Life is good for the Smoking Section. A month ago, at the premiere of the new Dylan doc, we asked the Strokes, “Why doesn’t someone film you guys on the road?” There was no answer, so for eight days in October, we joined them on their first-ever South American tour – also their first gigs in more than fourteen months. The Strokes slayed audiences in Brazil with new songs from the upcoming First Impressions of Earth, like “Heart in a Cage,” “Razor Blade” and the album’s hot single, “Jukebox.” Opening most nights were the Kings of Leon and Arcade Fire.
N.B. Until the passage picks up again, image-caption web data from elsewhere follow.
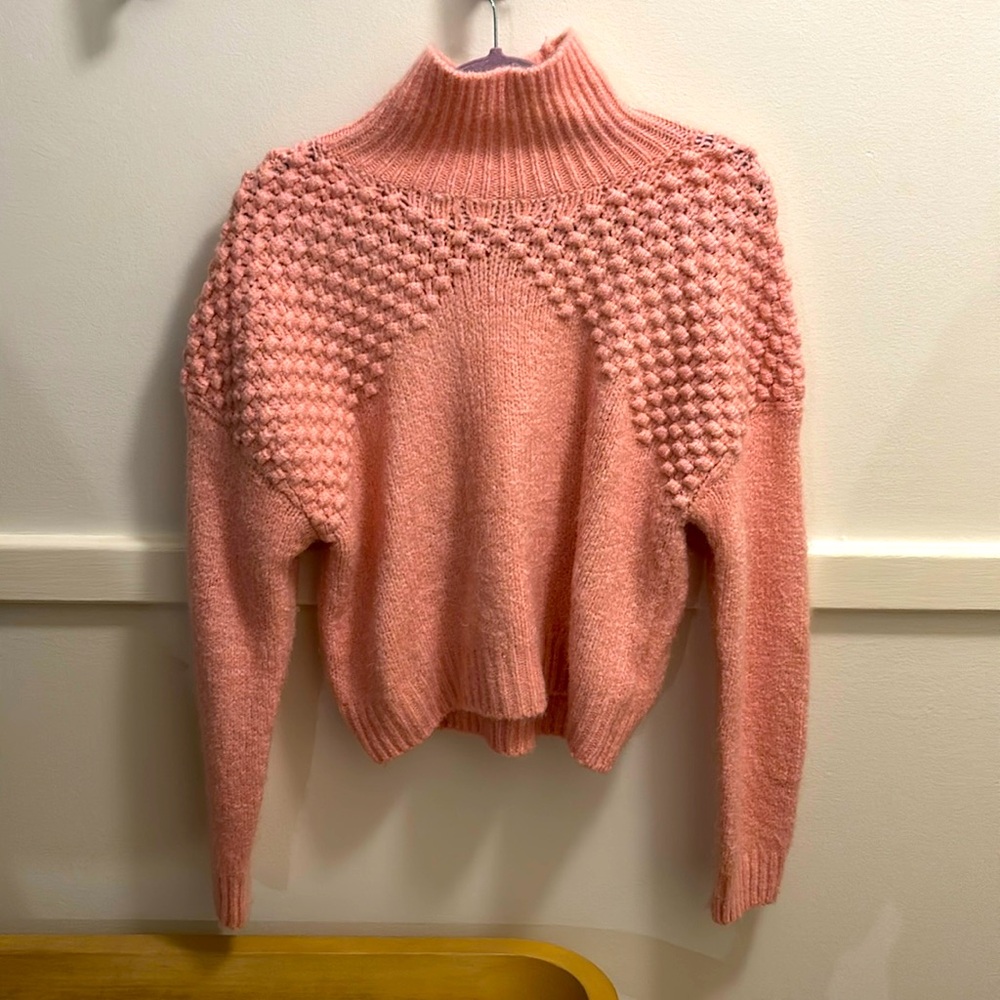 Size small pink free people turtleneck sweater- new without tags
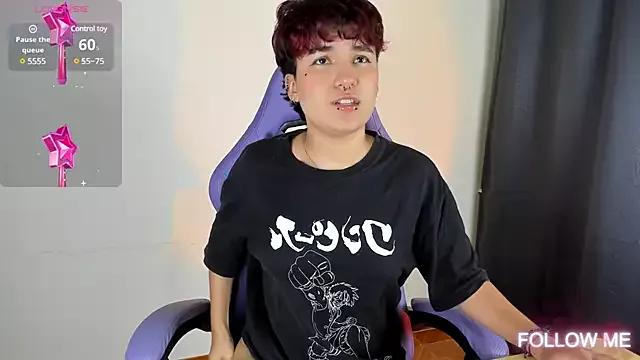 emma_cute7 from StripChat is Freechat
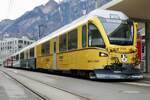 Der Allegra ABe 8/12 3514  Ahnenzug  am 26.12.23 auf dem Bahnhofplatz Chur.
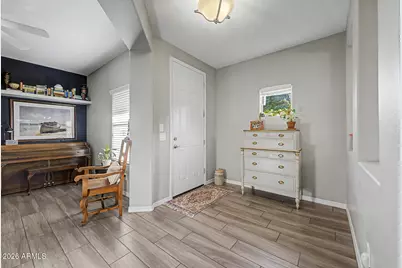 528 W Evergreen Pear Avenue, San Tan Valley, AZ 85140 - Photo 5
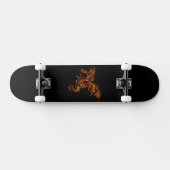 Flammendrache auf schwarz skateboard (Horizontal)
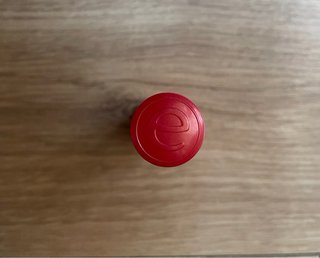Barra de labios essence roja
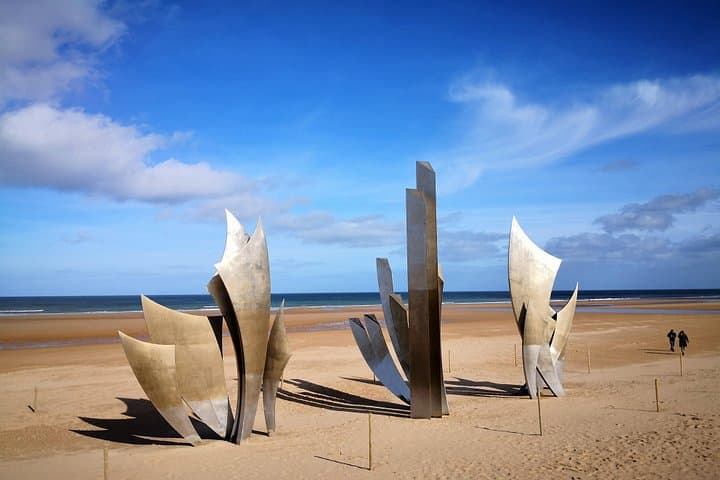 Pointe du Hoc,Omaha Beach, American Cemetery - Day trip from Paris to Normandy — photo 5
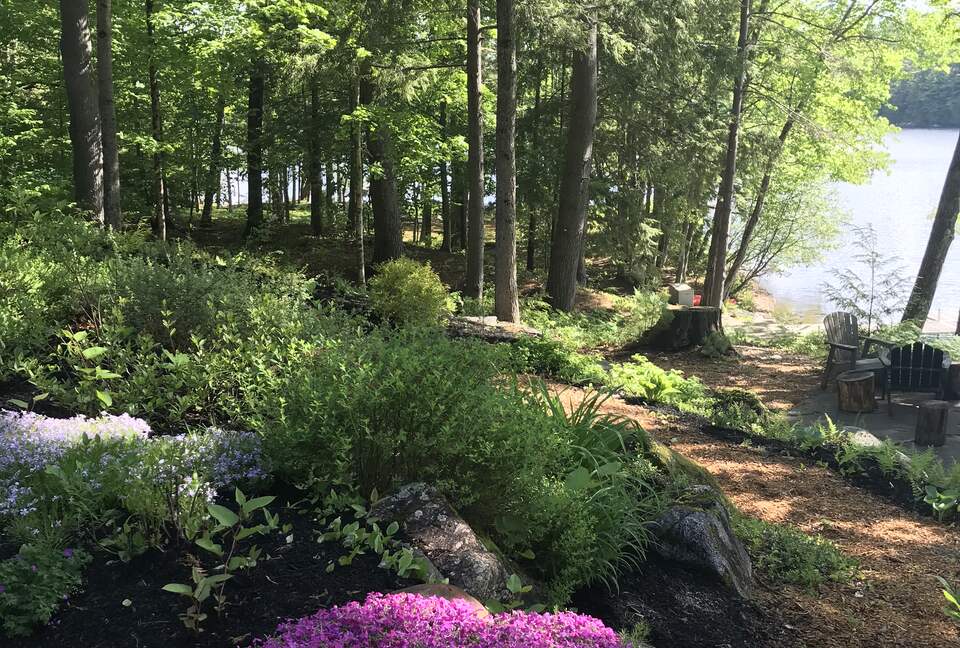 The Lakehouse - New Hampton, New Hampshire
After South America, frontman Win Butler tells us AF will return to Montreal to start on their second album in an abandoned church they just bought. The Kings head home to Nashville to work on their third album with producer Ethan Johns. “It shall be called ¡Yo Vengo!,” says singer Caleb Followill. “Inspired by a Mexican midget porn star who ejaculates prematurely” (he kids). Our tour wound down with a marathon game of Texas Holdem. Stroke Julian Casablancas took the final hand, going all in with 127 Camel cigarettes and winning with pocket kings.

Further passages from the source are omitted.